** WHAT YOU ARE ASKED TO DO **
From the line with "Schulz At The East Side Gallery 3* ברלין" through the last line of the records below, both ends included, transcribe only those lines, exactly, and omit the pictures.

[Scraped caption text data]
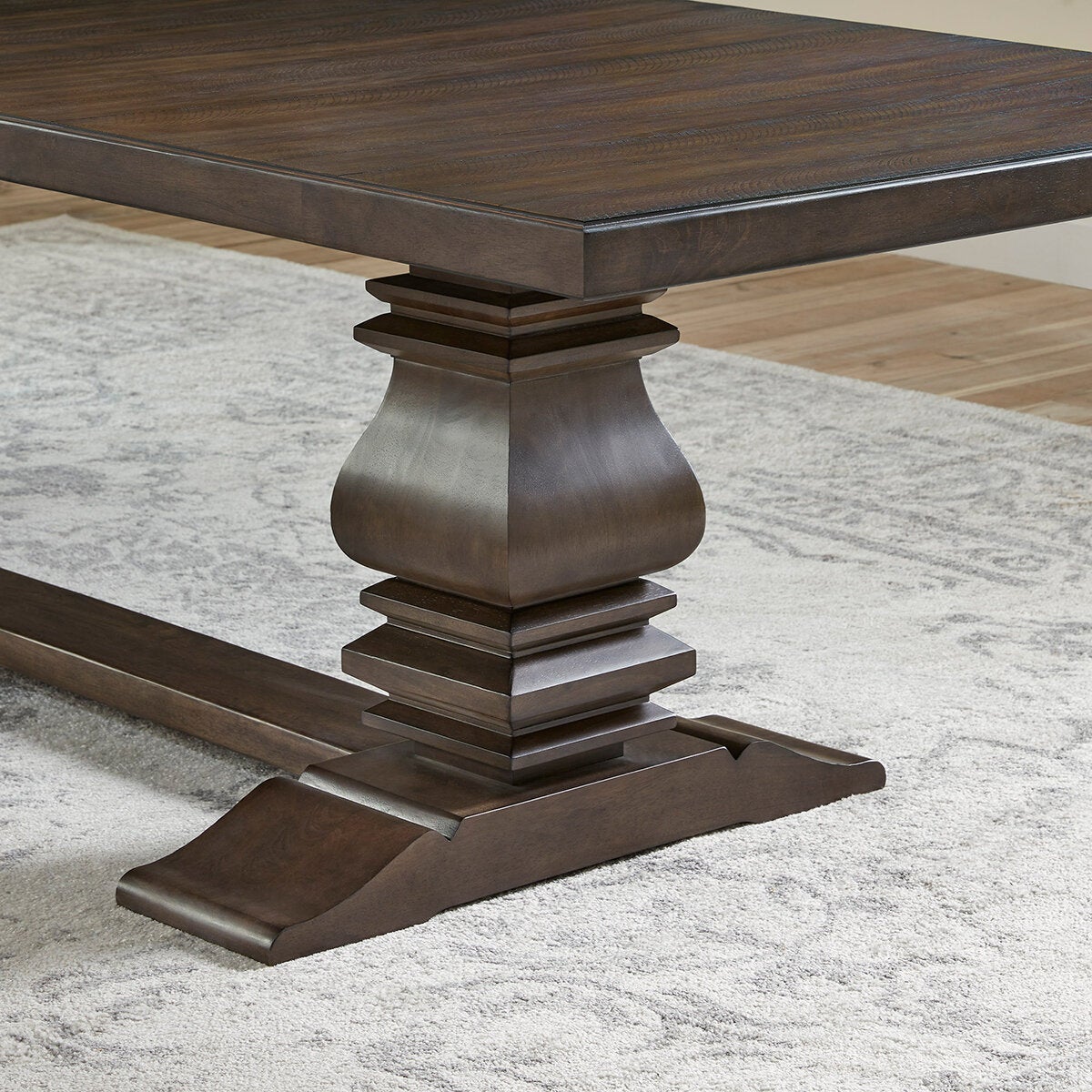 Universal Broadmoore, Erma, Juego de Comedor de 9 Piezas Universal Broadmoore, Erma, Juego de Comedor de 9 Piezas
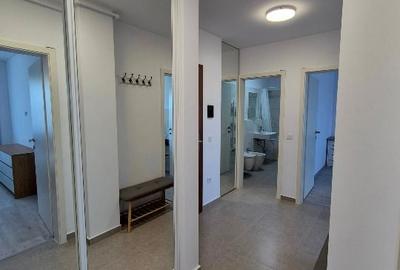 Apartament cu 2 camere decomandat, mobilat în Tractorul - 8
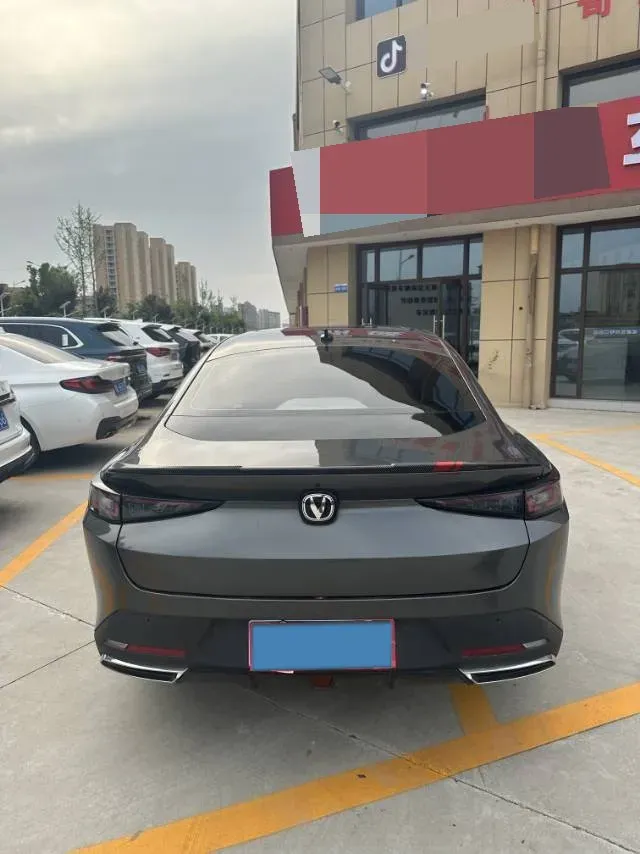 2025 ChangAn Eado 1.5T 192HP L4 7DCT,autocango,china used car exporter,china ev exporter,chinese used car exporter,chinese used ev exporter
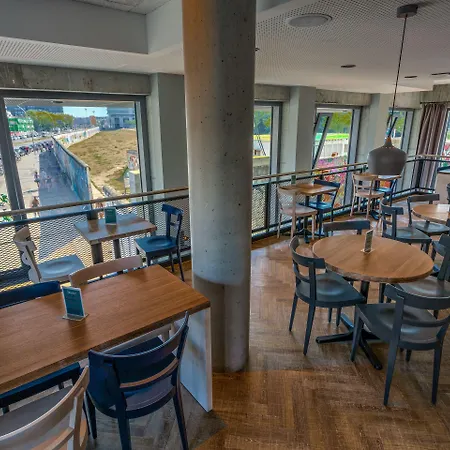 Schulz At The East Side Gallery 3* ברלין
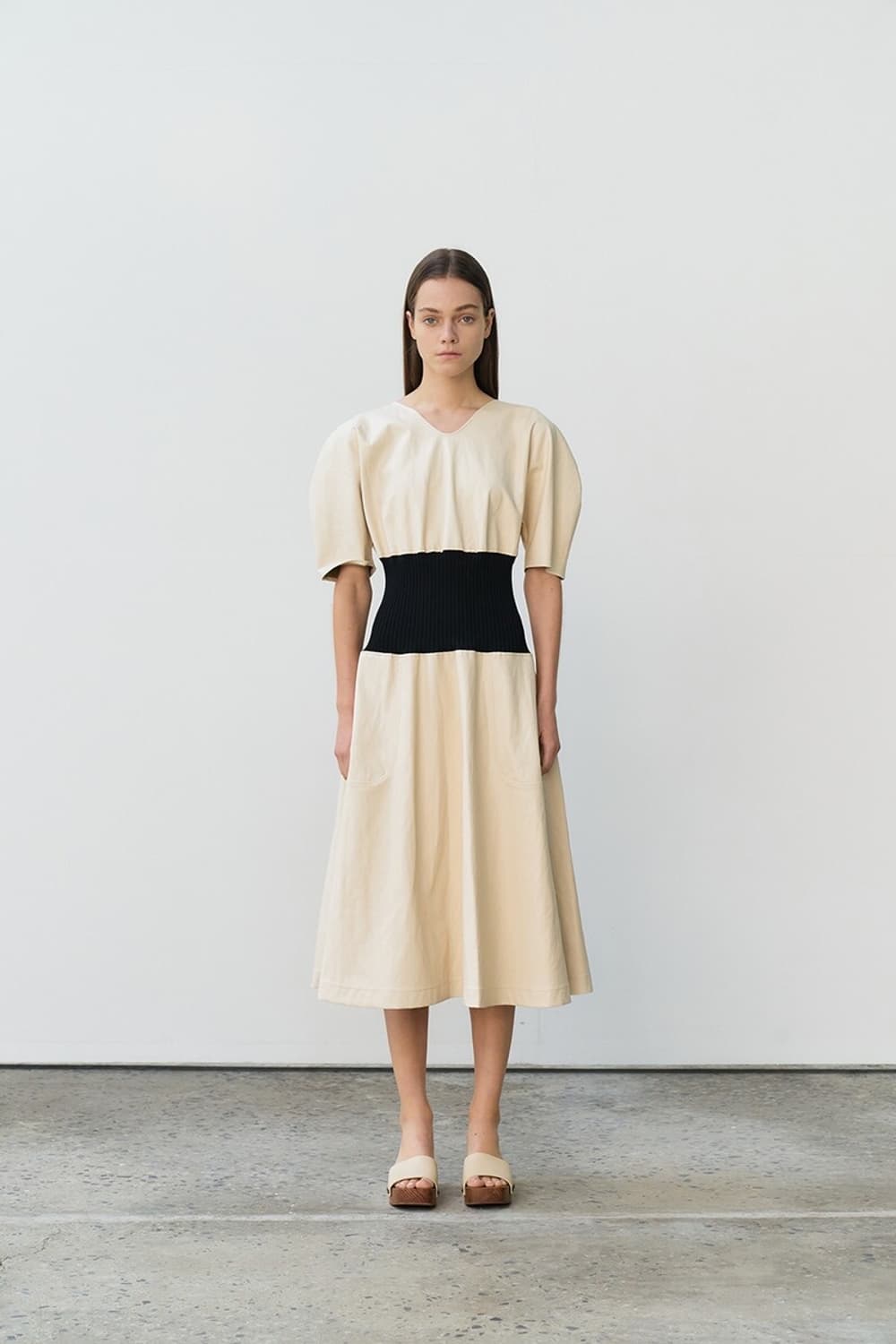 메종마레 레더 원피스 아이보리 34 상품이미지1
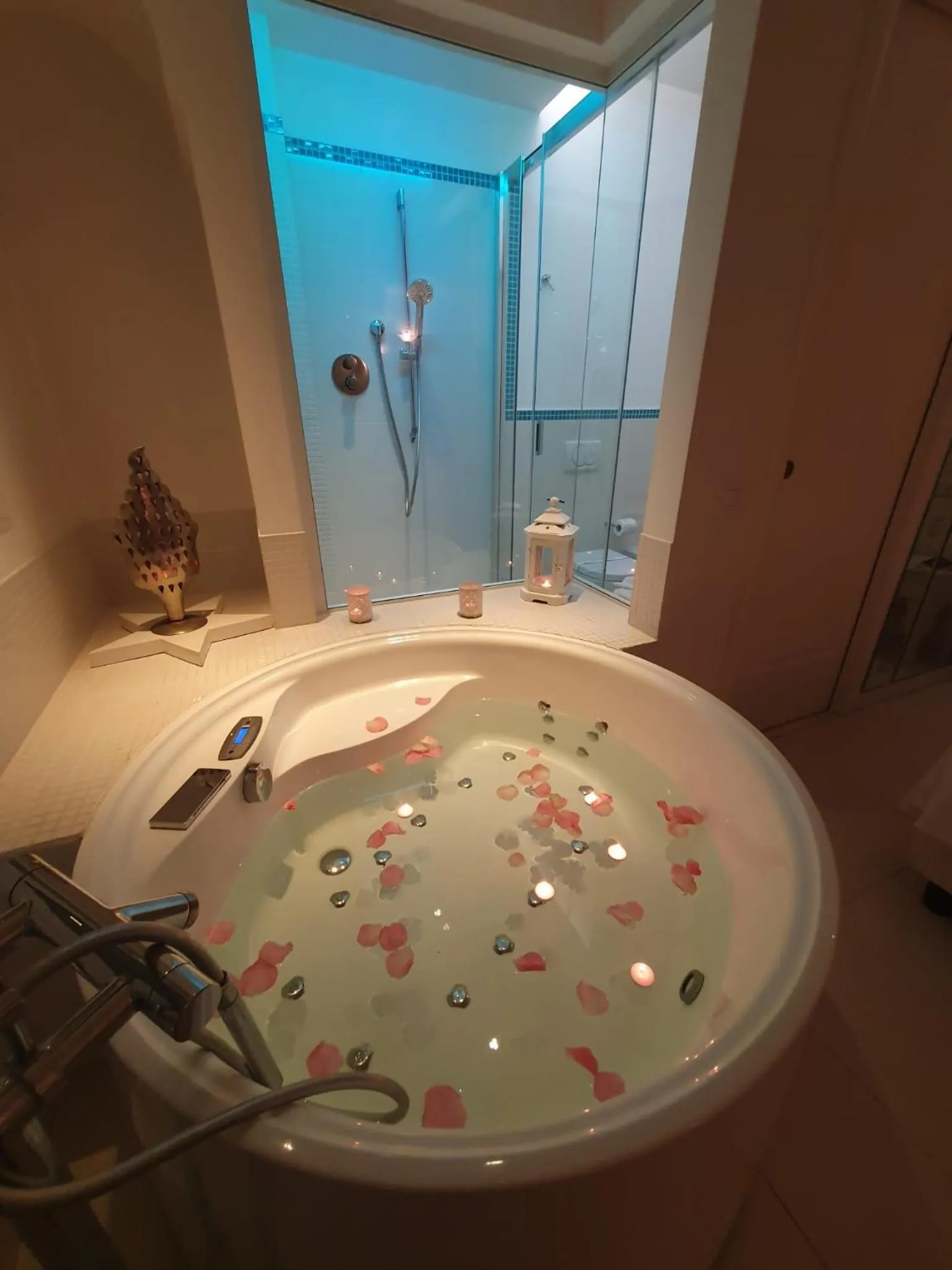 Hot Tub in Hotel Al Cavallino Bianco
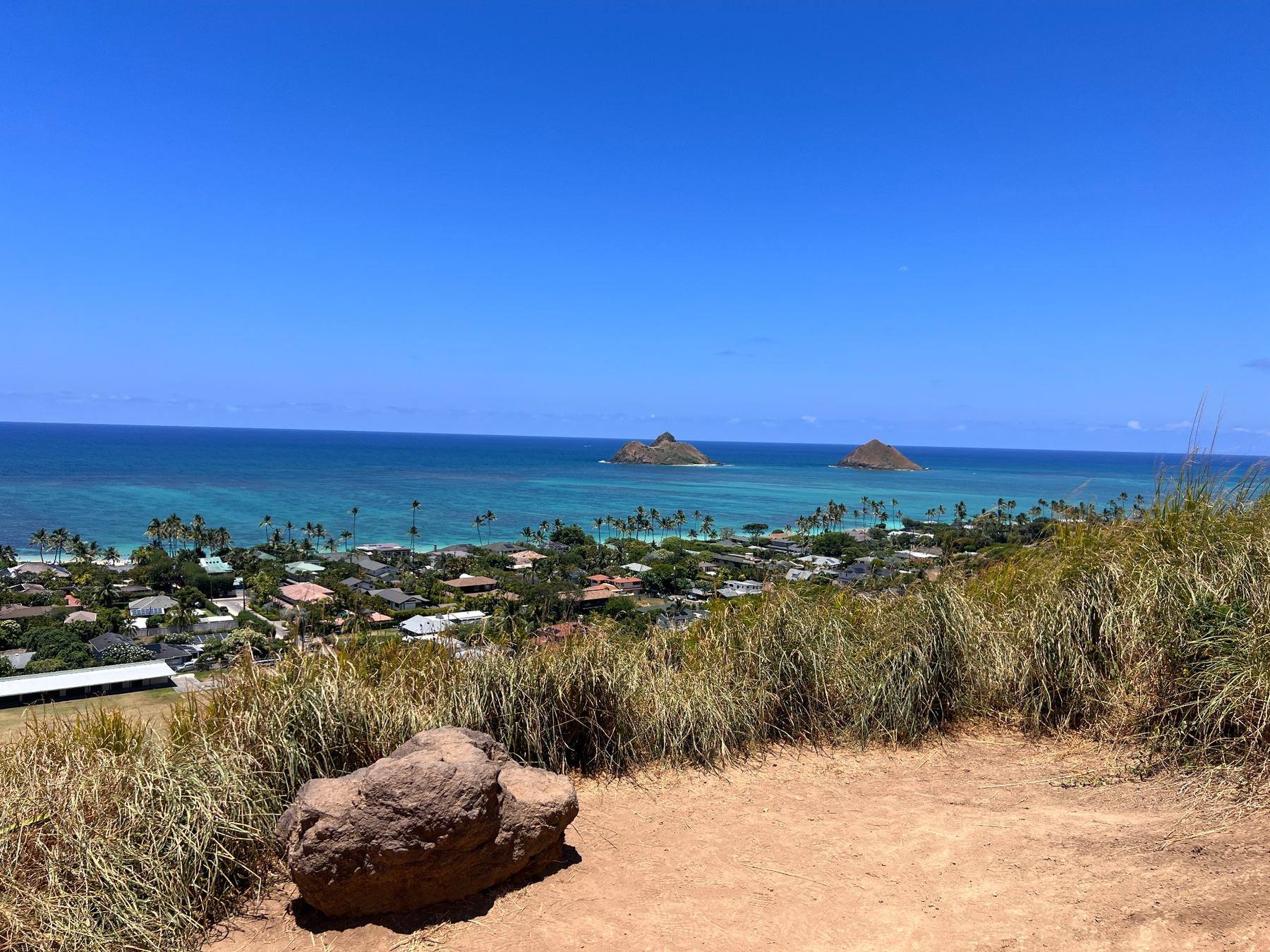 View of Lanikai and the Mokulua Islands from the Lanikai Pillbox Trail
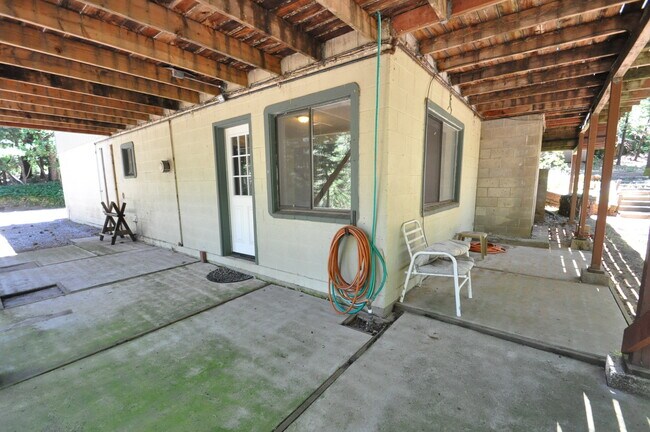 Building Photo - 23660 Ontario Dr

** RESULT OF THE TASK **
 Schulz At The East Side Gallery 3* ברלין
 메종마레 레더 원피스 아이보리 34 상품이미지1
 Hot Tub in Hotel Al Cavallino Bianco
 View of Lanikai and the Mokulua Islands from the Lanikai Pillbox Trail
 Building Photo - 23660 Ontario Dr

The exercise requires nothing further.